BEGIN MATERIALS PROVIDED

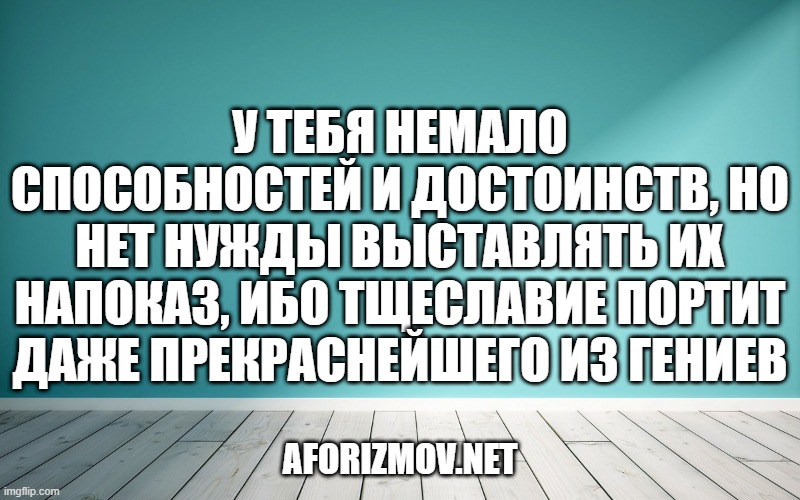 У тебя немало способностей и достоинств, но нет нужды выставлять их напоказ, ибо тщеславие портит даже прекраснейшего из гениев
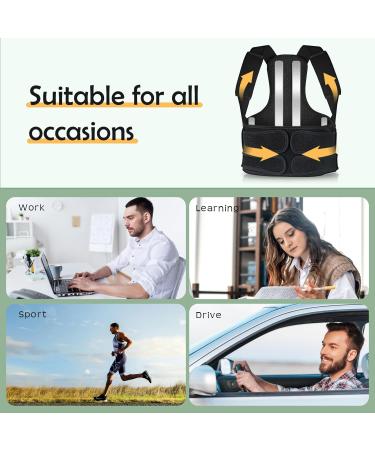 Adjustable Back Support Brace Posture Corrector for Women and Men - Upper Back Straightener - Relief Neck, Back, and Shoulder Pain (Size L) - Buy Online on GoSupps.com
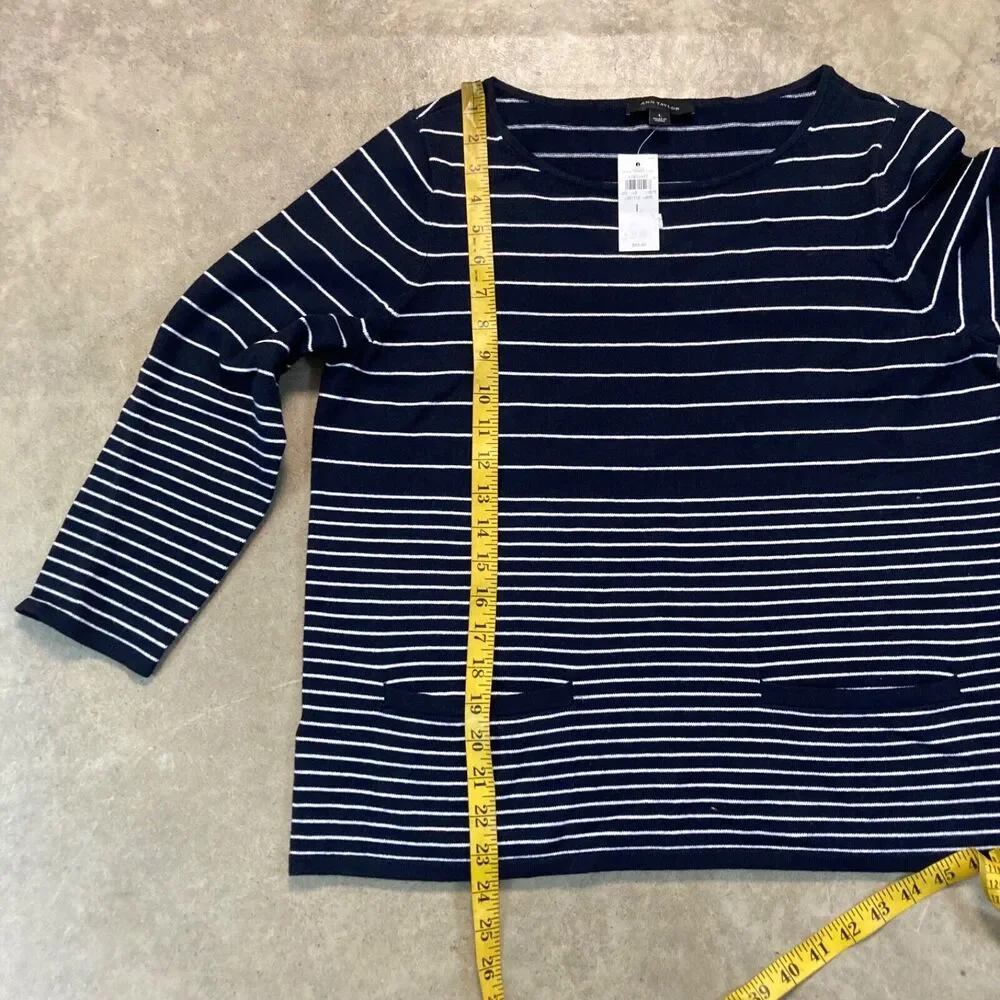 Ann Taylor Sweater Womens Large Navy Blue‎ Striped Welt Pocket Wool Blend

END MATERIALS PROVIDED
BEGIN MATERIALS PROVIDED

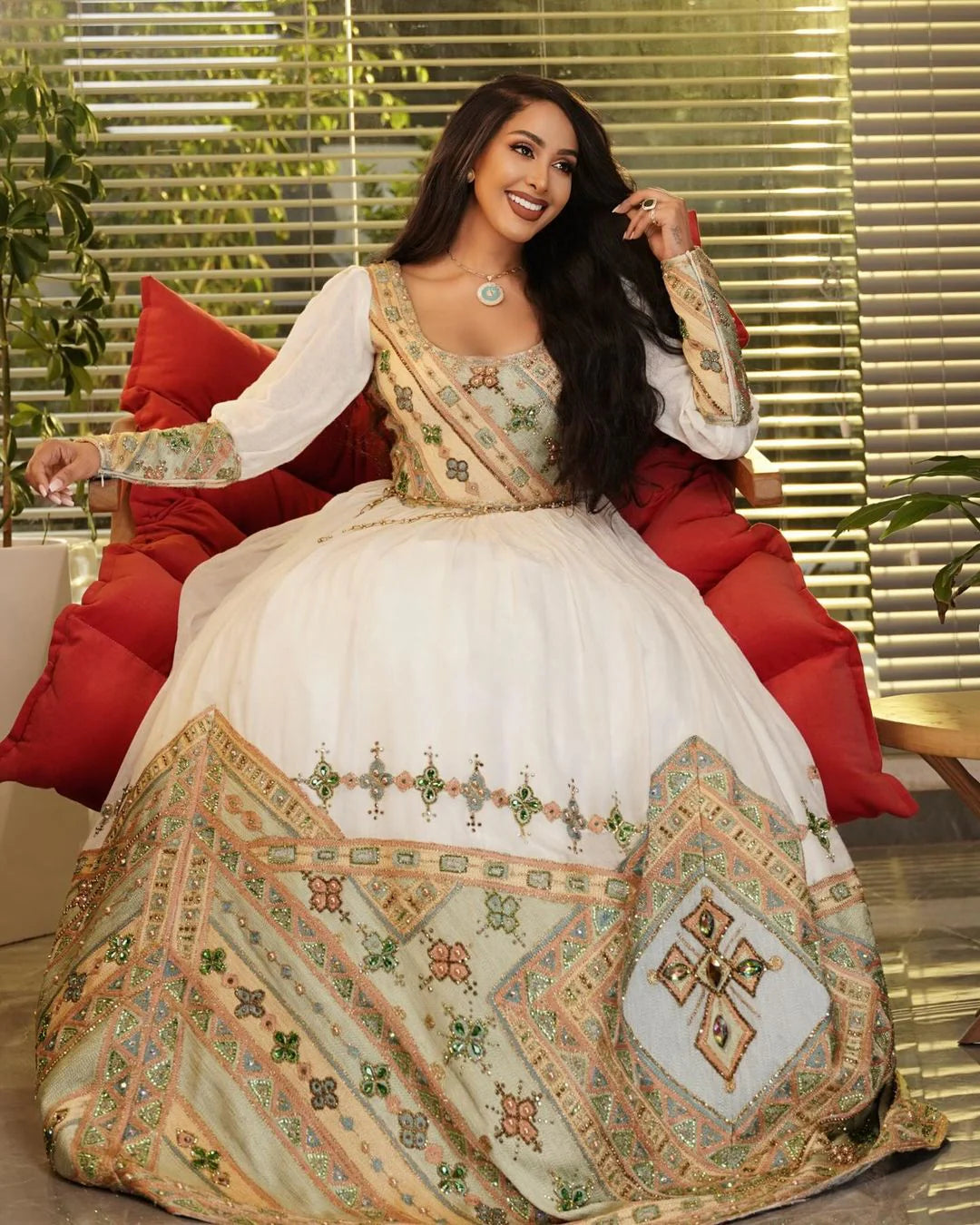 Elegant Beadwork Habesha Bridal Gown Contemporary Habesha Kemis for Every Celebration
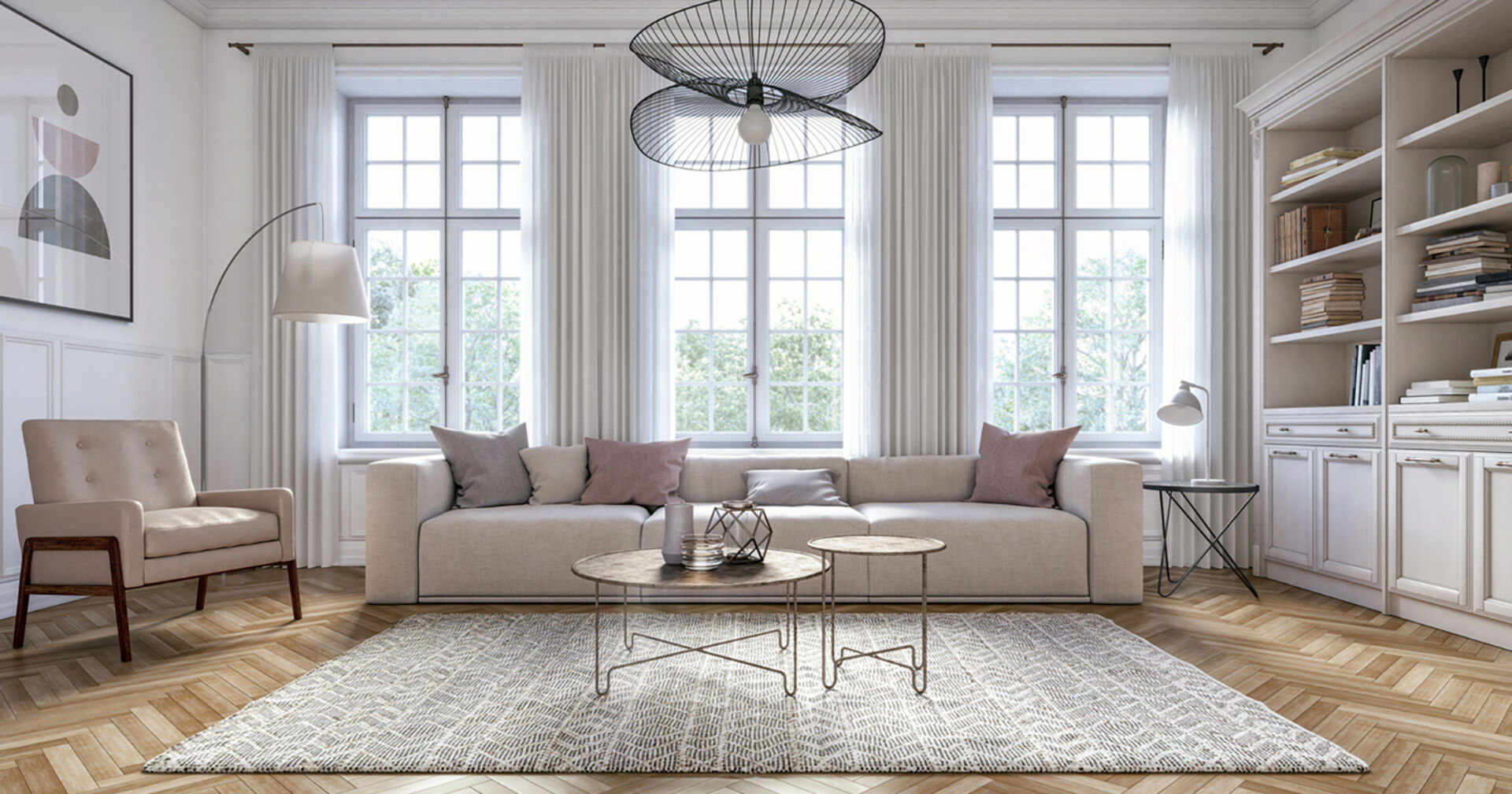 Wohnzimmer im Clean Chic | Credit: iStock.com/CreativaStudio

END MATERIALS PROVIDED

From the data above, return only the lines starting at the line that holds "У тебя немало" and ending at the line that holds "Ann Taylor Sweater", word for word and without pictures.

**SOLUTION FOR THIS EXERCISE:**
 У тебя немало способностей и достоинств, но нет нужды выставлять их напоказ, ибо тщеславие портит даже прекраснейшего из гениев
 Adjustable Back Support Brace Posture Corrector for Women and Men - Upper Back Straightener - Relief Neck, Back, and Shoulder Pain (Size L) - Buy Online on GoSupps.com
 Ann Taylor Sweater Womens Large Navy Blue‎ Striped Welt Pocket Wool Blend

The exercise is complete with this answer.